BEGIN DATA RECORDS
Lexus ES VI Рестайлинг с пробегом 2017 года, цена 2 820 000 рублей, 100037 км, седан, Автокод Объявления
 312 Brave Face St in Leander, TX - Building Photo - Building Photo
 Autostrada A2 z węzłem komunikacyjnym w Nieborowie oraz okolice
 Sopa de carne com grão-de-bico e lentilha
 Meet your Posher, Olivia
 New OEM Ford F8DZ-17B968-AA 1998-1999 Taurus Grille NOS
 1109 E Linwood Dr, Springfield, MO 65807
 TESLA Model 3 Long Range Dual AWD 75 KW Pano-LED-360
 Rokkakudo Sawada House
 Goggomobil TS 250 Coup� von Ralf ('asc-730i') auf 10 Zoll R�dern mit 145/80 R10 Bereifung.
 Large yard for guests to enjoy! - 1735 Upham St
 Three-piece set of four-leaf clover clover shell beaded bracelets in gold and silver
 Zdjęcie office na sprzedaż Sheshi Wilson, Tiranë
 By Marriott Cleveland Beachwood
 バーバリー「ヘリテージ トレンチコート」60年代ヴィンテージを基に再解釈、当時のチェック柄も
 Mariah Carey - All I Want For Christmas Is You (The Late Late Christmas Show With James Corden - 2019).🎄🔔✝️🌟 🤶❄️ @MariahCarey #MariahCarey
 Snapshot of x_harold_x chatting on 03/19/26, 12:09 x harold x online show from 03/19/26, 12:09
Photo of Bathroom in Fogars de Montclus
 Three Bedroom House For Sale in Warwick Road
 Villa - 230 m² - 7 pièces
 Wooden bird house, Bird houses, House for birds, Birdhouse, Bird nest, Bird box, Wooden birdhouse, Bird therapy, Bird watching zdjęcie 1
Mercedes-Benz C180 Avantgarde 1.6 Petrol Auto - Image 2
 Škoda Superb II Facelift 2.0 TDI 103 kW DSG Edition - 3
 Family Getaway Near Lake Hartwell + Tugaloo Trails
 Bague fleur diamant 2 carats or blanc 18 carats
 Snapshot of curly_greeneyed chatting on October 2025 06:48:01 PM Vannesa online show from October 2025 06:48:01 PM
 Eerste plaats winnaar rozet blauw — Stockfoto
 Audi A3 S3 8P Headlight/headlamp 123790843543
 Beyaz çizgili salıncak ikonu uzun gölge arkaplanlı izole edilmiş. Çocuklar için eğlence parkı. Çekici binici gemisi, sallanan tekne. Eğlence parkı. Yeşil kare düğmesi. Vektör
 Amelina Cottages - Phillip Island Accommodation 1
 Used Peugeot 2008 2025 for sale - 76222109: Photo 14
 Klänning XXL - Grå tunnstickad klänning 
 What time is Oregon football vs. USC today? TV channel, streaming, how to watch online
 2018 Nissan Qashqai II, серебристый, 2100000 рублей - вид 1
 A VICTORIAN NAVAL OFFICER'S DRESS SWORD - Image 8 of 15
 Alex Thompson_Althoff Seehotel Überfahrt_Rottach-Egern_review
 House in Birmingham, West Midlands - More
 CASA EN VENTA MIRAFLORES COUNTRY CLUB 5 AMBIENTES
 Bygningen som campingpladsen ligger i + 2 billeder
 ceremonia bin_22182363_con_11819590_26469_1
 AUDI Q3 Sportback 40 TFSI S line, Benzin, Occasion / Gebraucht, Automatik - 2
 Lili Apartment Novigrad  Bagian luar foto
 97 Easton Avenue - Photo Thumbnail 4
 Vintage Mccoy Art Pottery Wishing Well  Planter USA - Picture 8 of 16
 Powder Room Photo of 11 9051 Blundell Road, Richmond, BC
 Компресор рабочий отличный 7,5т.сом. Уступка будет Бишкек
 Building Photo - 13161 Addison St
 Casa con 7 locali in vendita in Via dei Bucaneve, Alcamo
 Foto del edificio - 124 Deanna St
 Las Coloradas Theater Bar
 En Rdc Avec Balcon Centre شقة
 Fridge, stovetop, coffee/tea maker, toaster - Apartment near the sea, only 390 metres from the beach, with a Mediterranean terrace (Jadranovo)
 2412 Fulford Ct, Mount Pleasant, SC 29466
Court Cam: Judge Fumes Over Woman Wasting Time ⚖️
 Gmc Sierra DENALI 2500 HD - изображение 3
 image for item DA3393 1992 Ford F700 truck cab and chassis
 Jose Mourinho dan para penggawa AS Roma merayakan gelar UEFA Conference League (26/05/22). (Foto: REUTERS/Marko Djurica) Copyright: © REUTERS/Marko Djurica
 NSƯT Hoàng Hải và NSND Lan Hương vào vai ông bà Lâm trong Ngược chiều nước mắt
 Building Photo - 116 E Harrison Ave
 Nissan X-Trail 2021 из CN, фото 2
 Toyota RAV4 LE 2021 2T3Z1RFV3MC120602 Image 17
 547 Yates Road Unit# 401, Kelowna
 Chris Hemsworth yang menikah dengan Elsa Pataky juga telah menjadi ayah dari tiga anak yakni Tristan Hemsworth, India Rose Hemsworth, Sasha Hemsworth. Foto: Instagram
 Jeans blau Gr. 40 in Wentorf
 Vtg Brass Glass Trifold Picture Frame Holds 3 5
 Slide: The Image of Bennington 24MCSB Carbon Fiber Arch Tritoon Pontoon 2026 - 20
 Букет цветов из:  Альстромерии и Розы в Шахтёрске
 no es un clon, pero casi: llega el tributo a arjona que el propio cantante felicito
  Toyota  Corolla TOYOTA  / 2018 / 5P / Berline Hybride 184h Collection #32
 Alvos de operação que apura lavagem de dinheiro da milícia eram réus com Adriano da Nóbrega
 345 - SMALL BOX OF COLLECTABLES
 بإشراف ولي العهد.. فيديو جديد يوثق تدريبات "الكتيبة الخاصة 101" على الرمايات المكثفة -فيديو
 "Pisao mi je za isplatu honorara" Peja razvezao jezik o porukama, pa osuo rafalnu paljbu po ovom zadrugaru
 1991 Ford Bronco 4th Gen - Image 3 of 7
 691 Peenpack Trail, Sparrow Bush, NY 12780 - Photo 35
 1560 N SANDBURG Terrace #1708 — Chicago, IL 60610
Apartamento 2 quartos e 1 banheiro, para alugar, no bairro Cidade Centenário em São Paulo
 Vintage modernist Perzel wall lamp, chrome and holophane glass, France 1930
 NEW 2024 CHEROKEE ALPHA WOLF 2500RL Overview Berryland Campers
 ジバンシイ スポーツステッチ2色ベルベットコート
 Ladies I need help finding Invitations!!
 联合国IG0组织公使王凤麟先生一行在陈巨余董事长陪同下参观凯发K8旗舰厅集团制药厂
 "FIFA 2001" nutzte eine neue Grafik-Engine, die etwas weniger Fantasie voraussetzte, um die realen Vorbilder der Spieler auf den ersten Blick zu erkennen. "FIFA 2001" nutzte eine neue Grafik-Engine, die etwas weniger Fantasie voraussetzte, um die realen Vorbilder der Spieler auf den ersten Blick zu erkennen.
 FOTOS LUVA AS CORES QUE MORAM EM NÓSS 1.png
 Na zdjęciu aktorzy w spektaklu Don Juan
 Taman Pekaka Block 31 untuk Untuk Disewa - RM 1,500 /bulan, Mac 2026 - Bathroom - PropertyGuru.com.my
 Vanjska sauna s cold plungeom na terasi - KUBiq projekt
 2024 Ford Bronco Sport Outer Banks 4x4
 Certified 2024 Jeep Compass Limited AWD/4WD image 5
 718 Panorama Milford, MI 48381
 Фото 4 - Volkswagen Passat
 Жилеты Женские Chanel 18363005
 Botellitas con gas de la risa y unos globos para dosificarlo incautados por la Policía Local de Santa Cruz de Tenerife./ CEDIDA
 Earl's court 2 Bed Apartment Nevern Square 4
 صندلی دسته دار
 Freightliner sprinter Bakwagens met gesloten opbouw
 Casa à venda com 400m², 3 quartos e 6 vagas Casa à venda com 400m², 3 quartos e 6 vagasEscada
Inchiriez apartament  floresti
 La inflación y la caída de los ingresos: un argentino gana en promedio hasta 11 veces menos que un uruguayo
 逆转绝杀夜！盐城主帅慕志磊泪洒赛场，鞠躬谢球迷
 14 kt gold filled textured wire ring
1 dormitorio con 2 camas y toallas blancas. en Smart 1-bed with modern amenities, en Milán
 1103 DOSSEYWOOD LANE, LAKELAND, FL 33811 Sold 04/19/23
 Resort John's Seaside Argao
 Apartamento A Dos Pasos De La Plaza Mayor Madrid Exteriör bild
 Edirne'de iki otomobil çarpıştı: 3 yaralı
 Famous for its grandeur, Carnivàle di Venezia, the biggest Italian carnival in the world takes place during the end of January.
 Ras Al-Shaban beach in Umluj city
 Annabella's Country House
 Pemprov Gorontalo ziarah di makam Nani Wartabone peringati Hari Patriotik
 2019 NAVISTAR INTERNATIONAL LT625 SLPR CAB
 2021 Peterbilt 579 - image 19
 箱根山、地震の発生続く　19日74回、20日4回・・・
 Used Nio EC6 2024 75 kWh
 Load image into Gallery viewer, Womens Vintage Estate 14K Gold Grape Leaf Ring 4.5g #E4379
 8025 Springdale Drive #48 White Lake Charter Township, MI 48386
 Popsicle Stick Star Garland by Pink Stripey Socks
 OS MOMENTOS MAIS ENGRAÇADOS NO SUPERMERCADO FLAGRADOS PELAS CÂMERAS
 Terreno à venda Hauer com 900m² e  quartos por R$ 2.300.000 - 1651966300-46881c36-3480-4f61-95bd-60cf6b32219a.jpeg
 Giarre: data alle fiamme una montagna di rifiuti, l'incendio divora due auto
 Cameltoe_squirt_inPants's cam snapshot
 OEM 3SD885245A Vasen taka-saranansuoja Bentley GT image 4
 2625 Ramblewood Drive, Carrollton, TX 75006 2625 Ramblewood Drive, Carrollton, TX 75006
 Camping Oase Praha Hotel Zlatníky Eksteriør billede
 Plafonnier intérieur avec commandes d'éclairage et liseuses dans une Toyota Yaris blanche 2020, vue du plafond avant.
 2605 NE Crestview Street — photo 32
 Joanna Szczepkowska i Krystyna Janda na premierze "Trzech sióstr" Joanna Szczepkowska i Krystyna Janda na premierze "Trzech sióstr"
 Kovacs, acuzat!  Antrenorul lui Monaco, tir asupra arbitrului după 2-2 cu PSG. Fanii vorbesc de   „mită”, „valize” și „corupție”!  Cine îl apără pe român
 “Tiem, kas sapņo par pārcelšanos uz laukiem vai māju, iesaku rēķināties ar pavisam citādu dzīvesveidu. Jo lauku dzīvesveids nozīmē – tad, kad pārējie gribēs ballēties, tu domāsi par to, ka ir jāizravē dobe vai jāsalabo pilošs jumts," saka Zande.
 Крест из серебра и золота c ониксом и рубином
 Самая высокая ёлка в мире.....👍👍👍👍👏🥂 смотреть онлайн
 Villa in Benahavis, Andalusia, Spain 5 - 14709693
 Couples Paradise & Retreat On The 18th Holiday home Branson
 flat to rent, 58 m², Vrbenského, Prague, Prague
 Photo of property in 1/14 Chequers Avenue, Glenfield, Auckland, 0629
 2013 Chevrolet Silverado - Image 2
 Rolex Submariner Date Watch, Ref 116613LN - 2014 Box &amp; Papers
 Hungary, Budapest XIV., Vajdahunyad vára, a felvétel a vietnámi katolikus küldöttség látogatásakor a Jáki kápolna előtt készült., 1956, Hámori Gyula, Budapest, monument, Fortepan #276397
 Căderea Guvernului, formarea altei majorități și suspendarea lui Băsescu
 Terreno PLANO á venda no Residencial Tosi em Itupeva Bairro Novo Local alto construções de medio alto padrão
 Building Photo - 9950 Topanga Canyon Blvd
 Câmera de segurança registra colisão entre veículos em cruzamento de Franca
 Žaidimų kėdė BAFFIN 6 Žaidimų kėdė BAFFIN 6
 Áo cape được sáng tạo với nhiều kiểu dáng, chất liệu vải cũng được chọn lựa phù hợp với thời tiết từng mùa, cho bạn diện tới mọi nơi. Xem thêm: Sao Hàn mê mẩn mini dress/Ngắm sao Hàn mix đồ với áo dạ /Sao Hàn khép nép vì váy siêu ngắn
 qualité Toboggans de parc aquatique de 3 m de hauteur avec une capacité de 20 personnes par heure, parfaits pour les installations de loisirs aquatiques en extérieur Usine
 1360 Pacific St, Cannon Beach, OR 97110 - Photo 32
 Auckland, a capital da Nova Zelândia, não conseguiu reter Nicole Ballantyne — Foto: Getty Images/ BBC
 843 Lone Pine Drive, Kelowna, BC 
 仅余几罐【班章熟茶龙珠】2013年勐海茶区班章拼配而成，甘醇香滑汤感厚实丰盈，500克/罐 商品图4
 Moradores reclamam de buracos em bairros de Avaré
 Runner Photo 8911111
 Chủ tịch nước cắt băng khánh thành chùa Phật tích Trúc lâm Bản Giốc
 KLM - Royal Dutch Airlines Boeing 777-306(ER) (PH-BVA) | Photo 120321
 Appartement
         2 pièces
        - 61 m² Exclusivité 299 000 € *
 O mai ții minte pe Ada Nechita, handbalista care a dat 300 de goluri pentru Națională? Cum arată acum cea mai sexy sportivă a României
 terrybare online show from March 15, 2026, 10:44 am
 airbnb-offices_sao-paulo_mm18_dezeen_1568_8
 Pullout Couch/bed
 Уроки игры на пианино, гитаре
END DATA RECORDS
> [WORK INSTRUCTION]: What lines above contain the word "Three"? Return each such line.

> [TASK RESPONSE]:
 Three-piece set of four-leaf clover clover shell beaded bracelets in gold and silver
 Three Bedroom House For Sale in Warwick Road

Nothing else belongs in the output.